» INSTRUCTIONS TO FOLLOW:
Print each entry word for word without images.

──────── THE INPUT

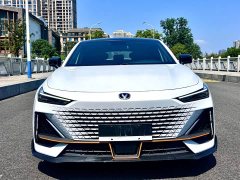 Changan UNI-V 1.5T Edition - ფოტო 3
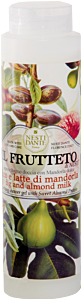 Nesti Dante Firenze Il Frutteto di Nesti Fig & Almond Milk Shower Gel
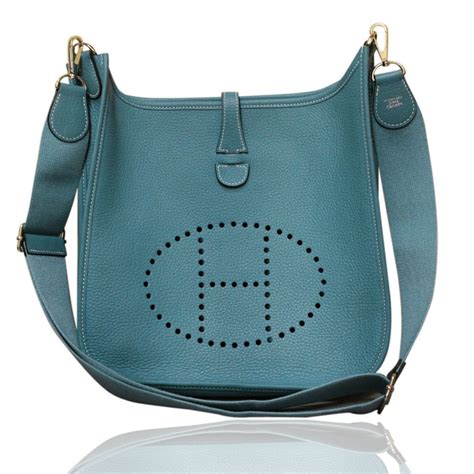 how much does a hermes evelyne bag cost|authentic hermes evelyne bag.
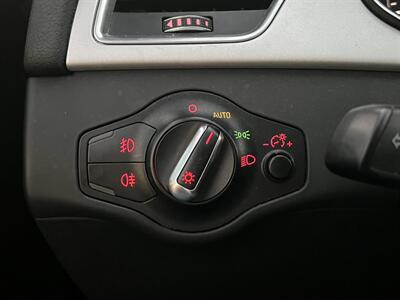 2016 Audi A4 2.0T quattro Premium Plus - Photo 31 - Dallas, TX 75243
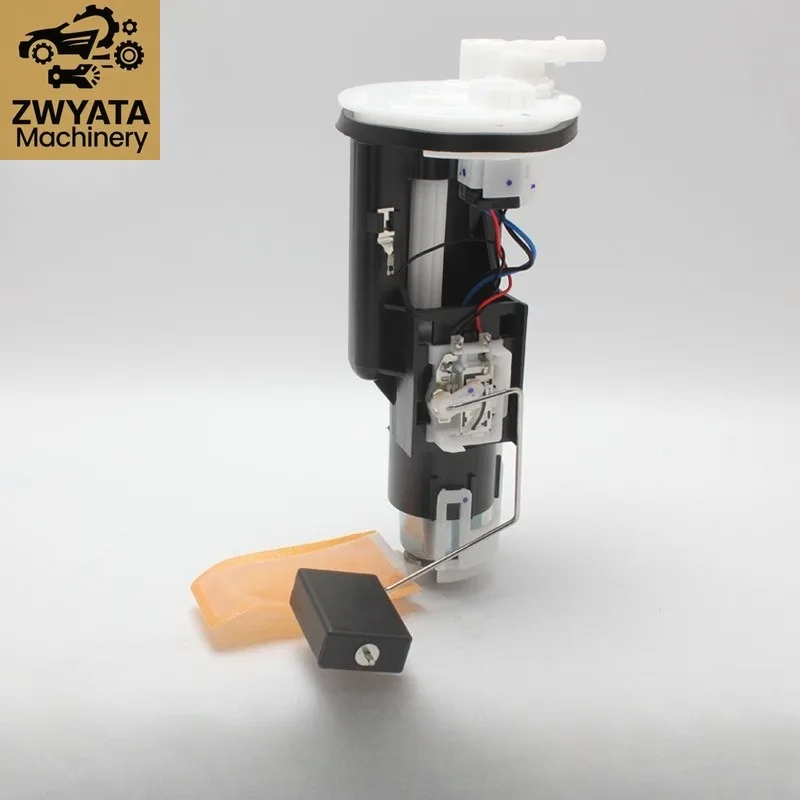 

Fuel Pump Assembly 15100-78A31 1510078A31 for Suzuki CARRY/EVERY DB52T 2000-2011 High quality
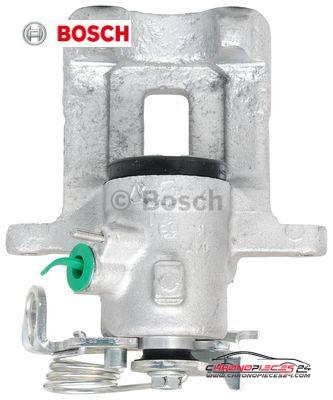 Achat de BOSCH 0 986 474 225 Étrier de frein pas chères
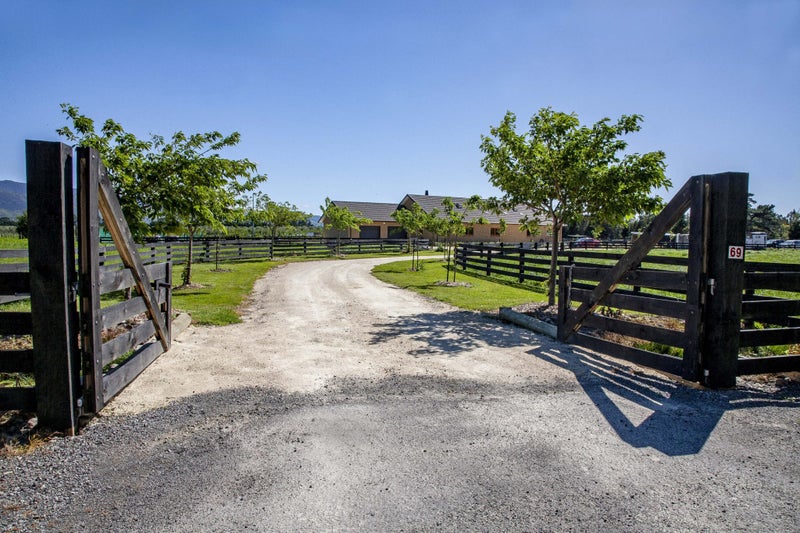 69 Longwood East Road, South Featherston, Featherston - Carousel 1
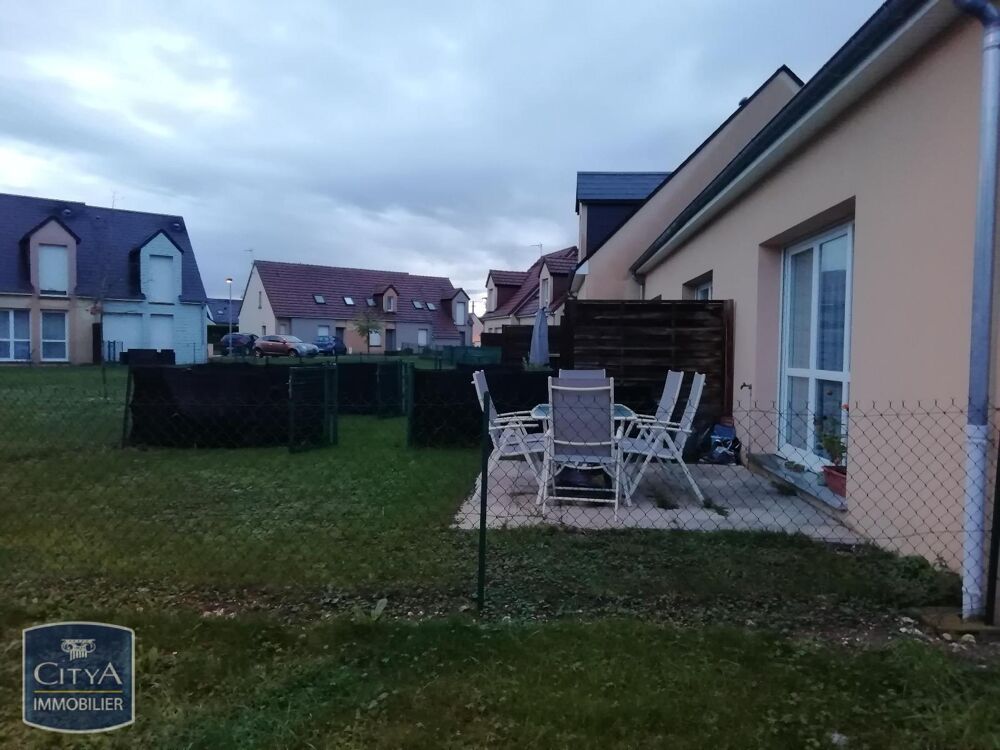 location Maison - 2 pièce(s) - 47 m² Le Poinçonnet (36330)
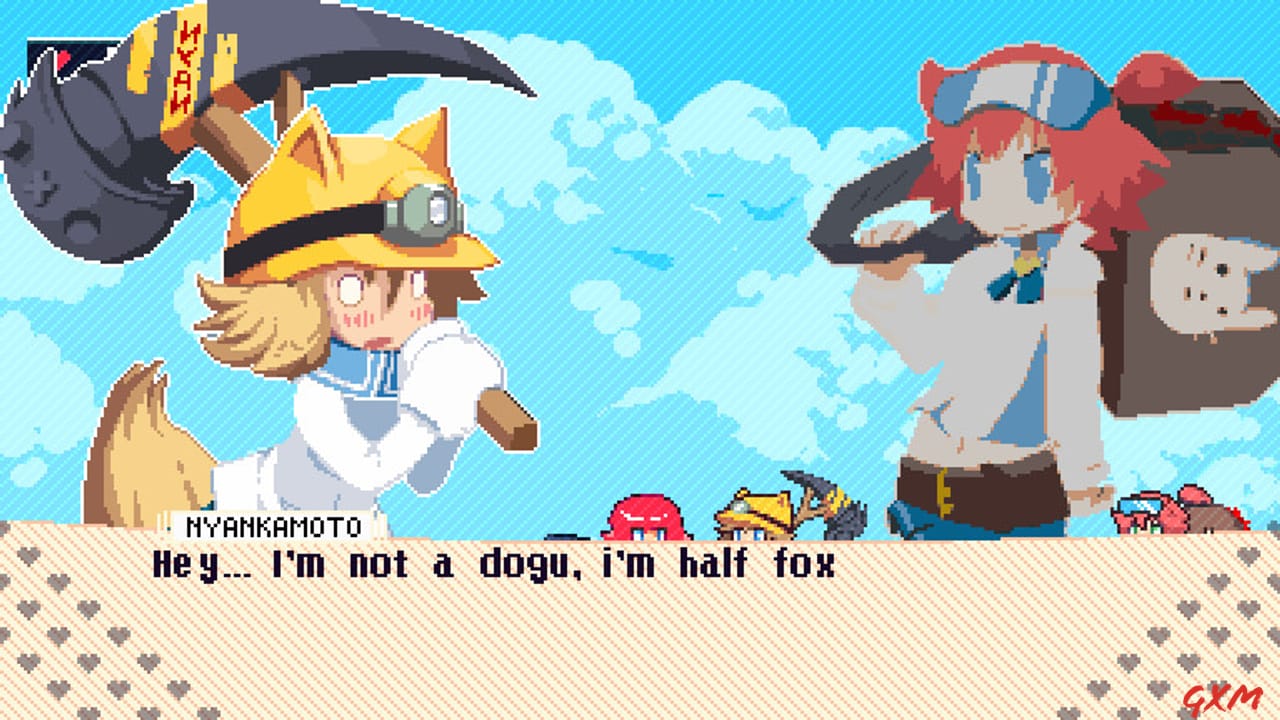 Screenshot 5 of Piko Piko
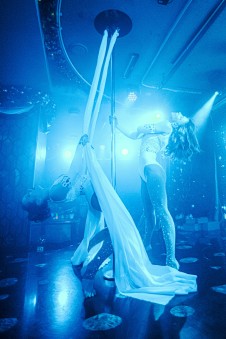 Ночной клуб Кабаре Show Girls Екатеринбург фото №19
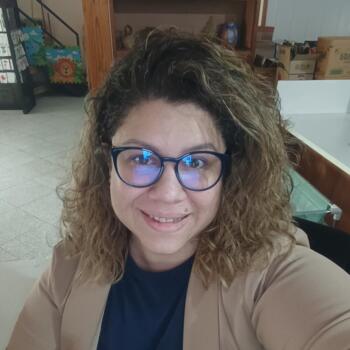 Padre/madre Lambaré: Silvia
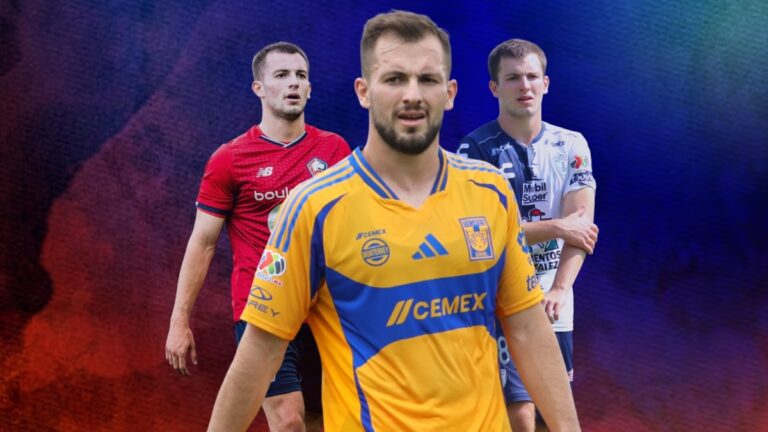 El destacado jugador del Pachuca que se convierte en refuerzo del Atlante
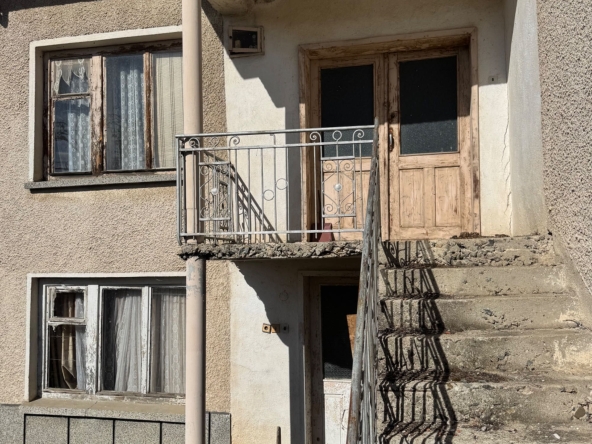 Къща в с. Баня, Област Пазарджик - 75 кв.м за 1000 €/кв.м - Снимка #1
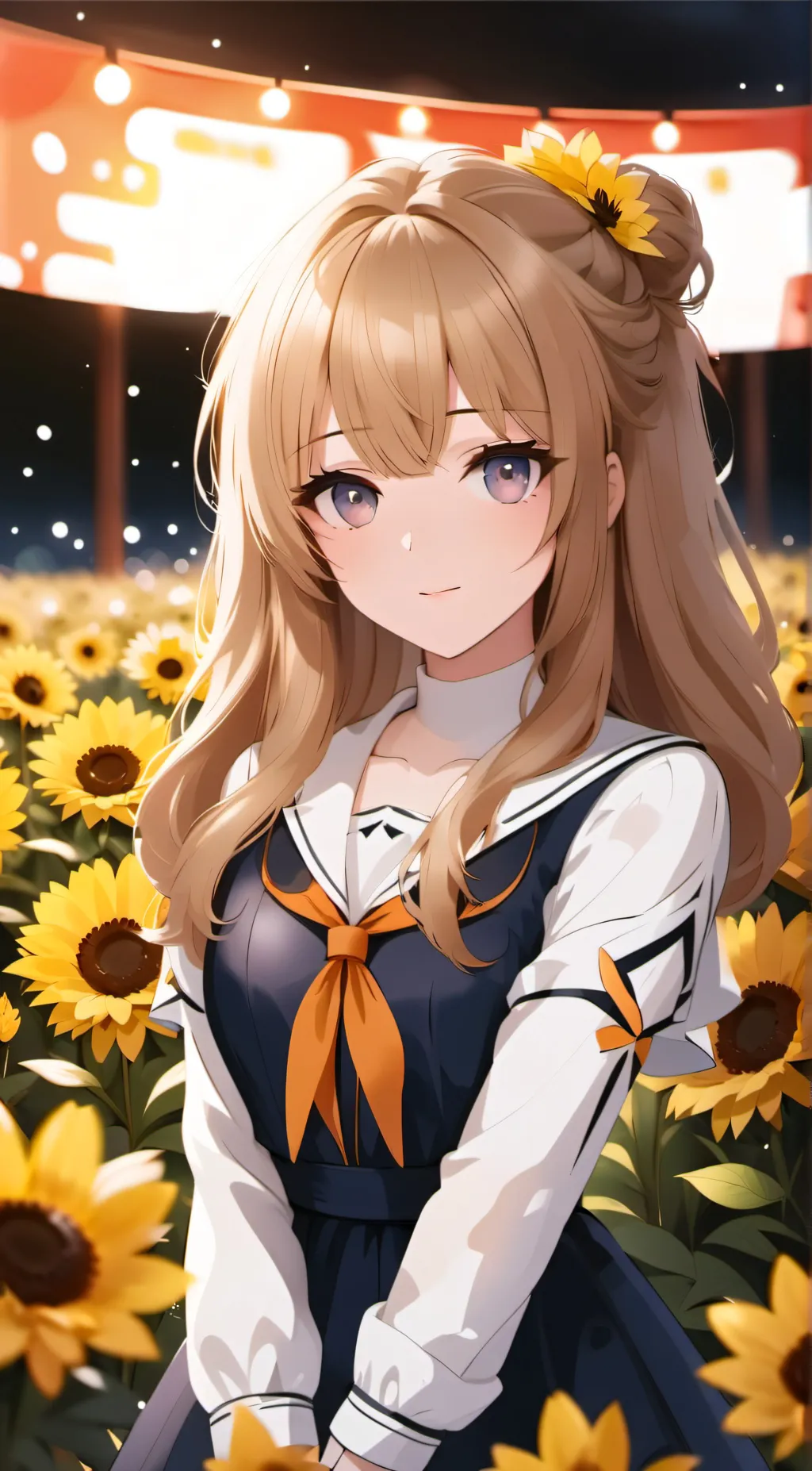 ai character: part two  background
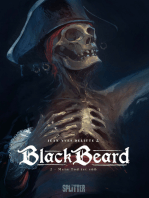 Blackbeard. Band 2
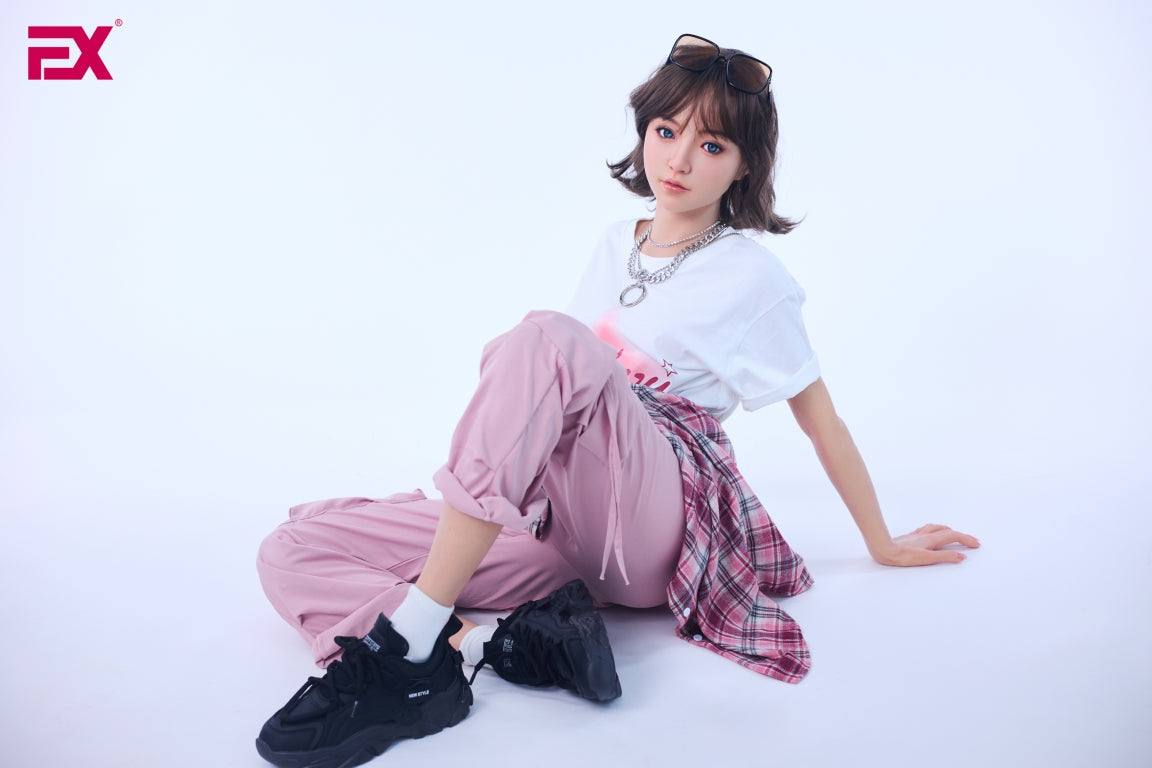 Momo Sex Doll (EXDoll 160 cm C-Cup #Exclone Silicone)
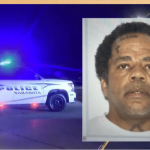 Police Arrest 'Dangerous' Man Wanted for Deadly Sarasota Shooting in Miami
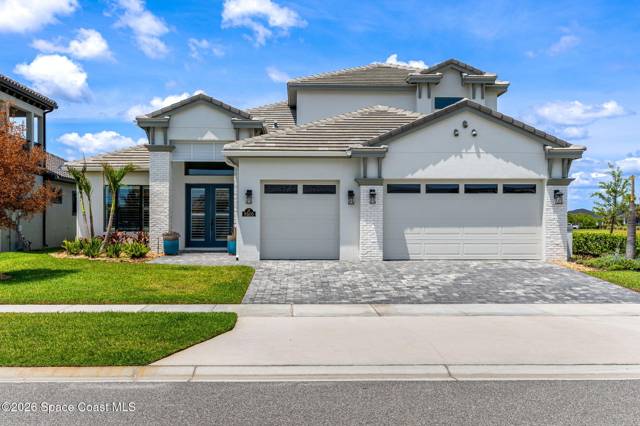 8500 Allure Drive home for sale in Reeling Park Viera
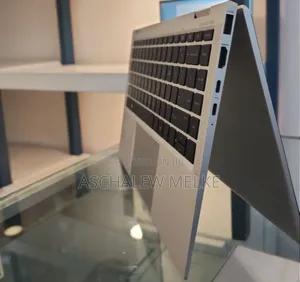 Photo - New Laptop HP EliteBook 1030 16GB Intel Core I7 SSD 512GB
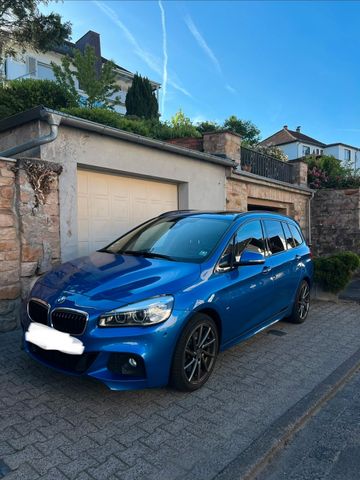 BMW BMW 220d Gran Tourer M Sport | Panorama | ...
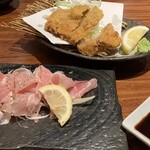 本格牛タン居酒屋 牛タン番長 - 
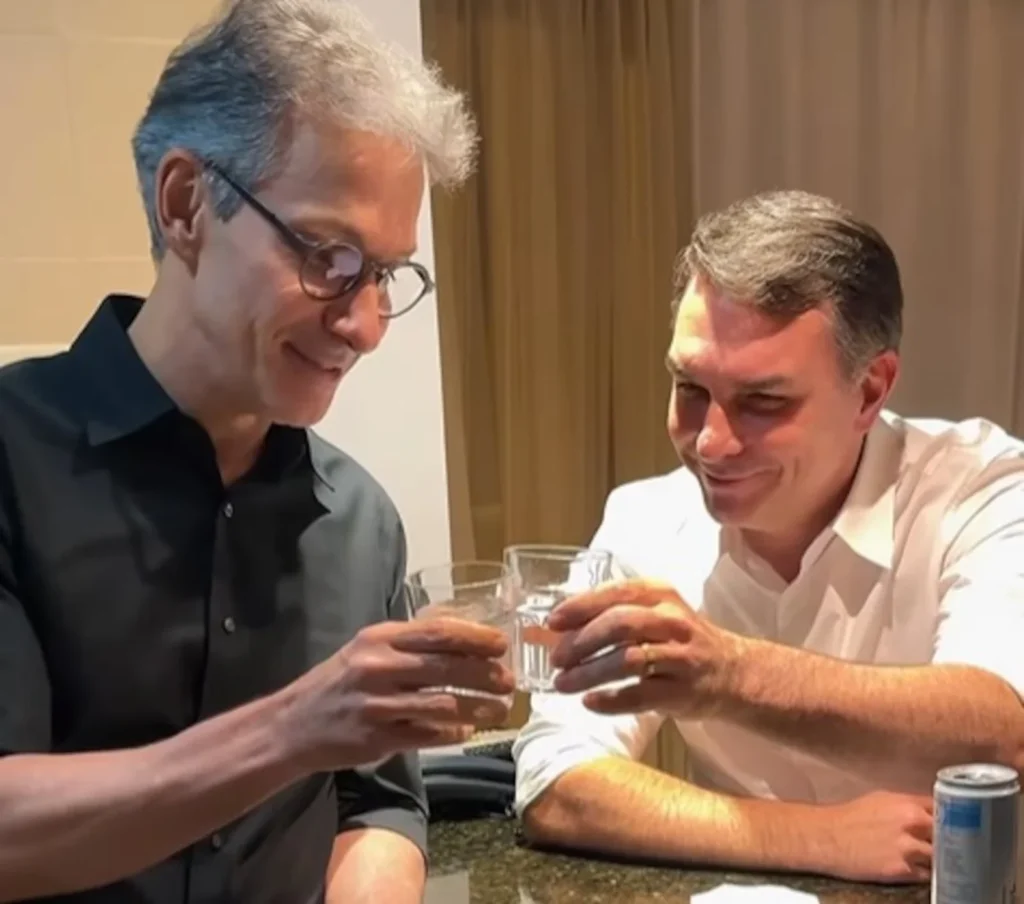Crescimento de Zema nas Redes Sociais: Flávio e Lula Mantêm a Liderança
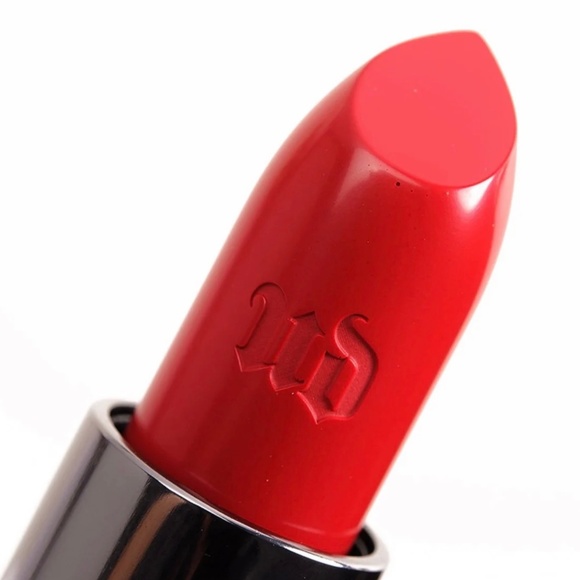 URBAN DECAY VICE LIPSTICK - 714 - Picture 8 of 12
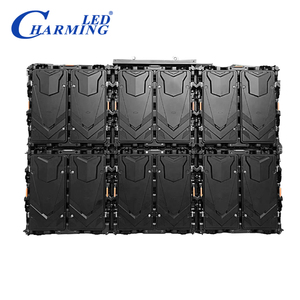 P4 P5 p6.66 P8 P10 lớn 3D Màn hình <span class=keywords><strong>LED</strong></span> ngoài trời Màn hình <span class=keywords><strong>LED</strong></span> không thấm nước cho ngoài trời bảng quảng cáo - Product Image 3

────────────────

» OUTPUT OF THE EXERCISE:
 Changan UNI-V 1.5T Edition - ფოტო 3
 Nesti Dante Firenze Il Frutteto di Nesti Fig & Almond Milk Shower Gel
 how much does a hermes evelyne bag cost|authentic hermes evelyne bag.
 2016 Audi A4 2.0T quattro Premium Plus - Photo 31 - Dallas, TX 75243

Fuel Pump Assembly 15100-78A31 1510078A31 for Suzuki CARRY/EVERY DB52T 2000-2011 High quality
 Achat de BOSCH 0 986 474 225 Étrier de frein pas chères
 69 Longwood East Road, South Featherston, Featherston - Carousel 1
 location Maison - 2 pièce(s) - 47 m² Le Poinçonnet (36330)
 Screenshot 5 of Piko Piko
 Ночной клуб Кабаре Show Girls Екатеринбург фото №19
 Padre/madre Lambaré: Silvia
 El destacado jugador del Pachuca que se convierte en refuerzo del Atlante
 Къща в с. Баня, Област Пазарджик - 75 кв.м за 1000 €/кв.м - Снимка #1
 ai character: part two  background
 Blackbeard. Band 2
 Momo Sex Doll (EXDoll 160 cm C-Cup #Exclone Silicone)
 Police Arrest 'Dangerous' Man Wanted for Deadly Sarasota Shooting in Miami
 8500 Allure Drive home for sale in Reeling Park Viera
 Photo - New Laptop HP EliteBook 1030 16GB Intel Core I7 SSD 512GB
 BMW BMW 220d Gran Tourer M Sport | Panorama | ...
 本格牛タン居酒屋 牛タン番長 - 
Crescimento de Zema nas Redes Sociais: Flávio e Lula Mantêm a Liderança
 URBAN DECAY VICE LIPSTICK - 714 - Picture 8 of 12
 P4 P5 p6.66 P8 P10 lớn 3D Màn hình <span class=keywords><strong>LED</strong></span> ngoài trời Màn hình <span class=keywords><strong>LED</strong></span> không thấm nước cho ngoài trời bảng quảng cáo - Product Image 3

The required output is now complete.